Using the records below, repeat exactly the lines from the one holding "Before we get" through the one holding "Looking at the", both ends included, and no others.

Saved data entries
---*---

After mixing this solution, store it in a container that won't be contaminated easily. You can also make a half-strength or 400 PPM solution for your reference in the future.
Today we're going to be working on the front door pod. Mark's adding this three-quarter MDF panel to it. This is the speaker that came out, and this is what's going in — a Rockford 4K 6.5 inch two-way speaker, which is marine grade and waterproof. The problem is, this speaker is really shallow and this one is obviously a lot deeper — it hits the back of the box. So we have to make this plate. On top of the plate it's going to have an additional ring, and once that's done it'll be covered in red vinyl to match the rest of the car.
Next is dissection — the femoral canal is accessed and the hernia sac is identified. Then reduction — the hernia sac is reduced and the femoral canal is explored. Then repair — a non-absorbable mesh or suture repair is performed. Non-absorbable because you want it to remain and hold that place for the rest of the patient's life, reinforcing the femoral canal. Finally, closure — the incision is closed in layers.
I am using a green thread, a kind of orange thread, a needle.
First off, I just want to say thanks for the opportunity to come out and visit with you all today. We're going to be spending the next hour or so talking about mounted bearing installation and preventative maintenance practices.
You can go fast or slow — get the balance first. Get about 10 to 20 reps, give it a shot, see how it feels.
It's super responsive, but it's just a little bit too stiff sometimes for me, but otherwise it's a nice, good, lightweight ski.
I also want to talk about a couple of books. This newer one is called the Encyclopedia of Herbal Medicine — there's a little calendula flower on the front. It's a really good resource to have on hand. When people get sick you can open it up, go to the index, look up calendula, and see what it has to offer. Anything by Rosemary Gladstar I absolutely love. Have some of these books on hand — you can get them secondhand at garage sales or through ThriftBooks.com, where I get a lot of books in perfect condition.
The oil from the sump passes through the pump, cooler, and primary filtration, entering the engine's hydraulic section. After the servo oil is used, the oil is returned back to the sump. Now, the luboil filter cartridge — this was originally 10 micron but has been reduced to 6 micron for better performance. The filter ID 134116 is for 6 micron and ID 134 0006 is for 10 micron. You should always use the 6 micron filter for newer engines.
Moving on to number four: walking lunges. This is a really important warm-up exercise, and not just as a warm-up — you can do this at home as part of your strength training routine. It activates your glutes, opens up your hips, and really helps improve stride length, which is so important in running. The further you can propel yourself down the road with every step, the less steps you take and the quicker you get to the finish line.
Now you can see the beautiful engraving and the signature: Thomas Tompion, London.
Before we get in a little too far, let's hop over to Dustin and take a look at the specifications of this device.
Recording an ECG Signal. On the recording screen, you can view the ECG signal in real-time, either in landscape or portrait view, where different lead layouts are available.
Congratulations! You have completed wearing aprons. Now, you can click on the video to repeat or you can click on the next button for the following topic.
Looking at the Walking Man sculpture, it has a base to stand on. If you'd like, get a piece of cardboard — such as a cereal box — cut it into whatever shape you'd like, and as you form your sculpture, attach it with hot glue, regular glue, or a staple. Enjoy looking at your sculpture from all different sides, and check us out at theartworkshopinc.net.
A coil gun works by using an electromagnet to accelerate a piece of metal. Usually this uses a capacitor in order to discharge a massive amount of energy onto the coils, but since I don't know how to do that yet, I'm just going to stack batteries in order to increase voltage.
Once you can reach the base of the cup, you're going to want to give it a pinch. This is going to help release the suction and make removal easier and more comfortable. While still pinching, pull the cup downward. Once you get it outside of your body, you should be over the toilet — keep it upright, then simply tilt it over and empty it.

---*---

**Answer for this exercise:**
Before we get in a little too far, let's hop over to Dustin and take a look at the specifications of this device.
Recording an ECG Signal. On the recording screen, you can view the ECG signal in real-time, either in landscape or portrait view, where different lead layouts are available.
Congratulations! You have completed wearing aprons. Now, you can click on the video to repeat or you can click on the next button for the following topic.
Looking at the Walking Man sculpture, it has a base to stand on. If you'd like, get a piece of cardboard — such as a cereal box — cut it into whatever shape you'd like, and as you form your sculpture, attach it with hot glue, regular glue, or a staple. Enjoy looking at your sculpture from all different sides, and check us out at theartworkshopinc.net.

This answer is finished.